Factors without black boxes
Okay, picture a wall of little coloured squares. Assets running down the side, days running across the top, and each square glowing somewhere between deep red and bright green depending on how strong the signal is that day. This is a relative-strength heat-map, and it is genuinely one of the best ways ever invented to look at a whole universe and feel like you understand it. Your eye finds the green band before your brain has finished its coffee.
There is just one tiny problem, which is that the number inside each square is, in most tools, a sealed box you are not allowed to open.

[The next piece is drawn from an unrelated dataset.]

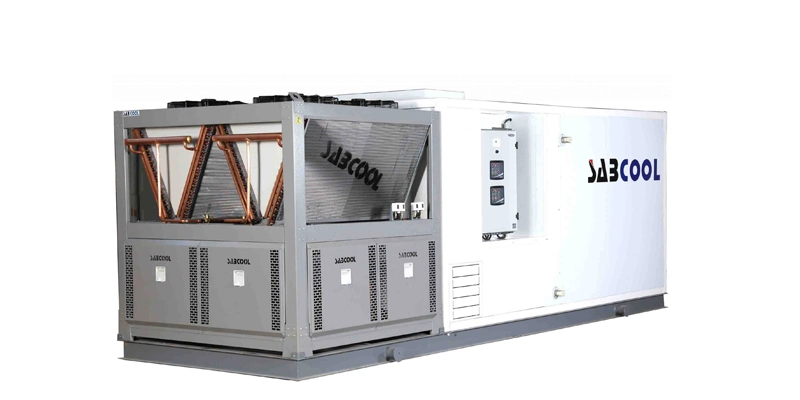 راهنمای انتخاب ظرفیت چیلر برای کارخانه کوچک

What is actually in that composite? Who picked the weights, and did they pick them on purpose or did the weights just sort of accumulate like junk in a drawer? Why did the thing roll over on a Tuesday? The heat-map gives you a confident colour and then folds its arms and refuses to explain itself. (We have all nodded along at a red square we did not understand. It is fine. It is just not a great way to run money.)
Three honest objects
The fix is not a fancier colour gradient. It is taking the box apart so there is nothing left to hide inside. Strata builds the factors area from three first-class objects, and that is the whole trick.
A factor is one signal turned into a normalised, comparable score. A one-month return z-scored over ninety days. A boolean for whether price sits above its 200-day EMA. A volatility rank where lower is the good direction. One idea, made into a number you can stand next to other numbers.
A model is a weighted battery of factors with an aggregation rule and, if you want them, gates. The kind of gate that says “only bother scoring the uptrends.” A model is the recipe.
A grid is a universe times a model times your view settings. The grid is the thing that actually renders into that wall of squares.
We ship a trend and momentum battery, and you might assume it is The Official Answer handed down from a mountain. It is not. It is a seed. Clone it, reweight it, bolt on a sentiment factor, save the result as yours. Nothing in the engine is special-cased, because the day you special-case the house model is the day you have quietly built a black box again.
Why normalisation is the whole ballgame
Here is the bit people skip, and it is the load-bearing wall. Raw values never get compared directly. Ever.
A funding rate, a payout ratio and a moving-average cross are measured in wildly different units that have no business sharing a sum. It is like averaging your height, your age and your phone number and announcing the result means something. So every factor has to declare how it becomes unit-free first: a z-score with a clamp, a percentile rank, min-max, threshold buckets, or plain boolean. Once everything speaks the same dimensionless language, adding them up in one composite is finally an honest move rather than a category error.
Click the square
And then the part that makes the whole thing trustworthy instead of merely pretty. Hover any cell in a grid and it opens up: each factor’s raw value, its normalised score, its weight, and exactly how much it contributed to that day’s composite.
So when a number surprises you, and at some point one will, you do not have to take the colour on faith and quietly hope. The explanation is one click down, which is roughly the standard your own money deserves.
That same instinct runs through the rest of Strata. It is why we are manual by design, and it is the same loop of writing down your reasoning and then checking it against what happened. A square you can open is a square you can actually believe.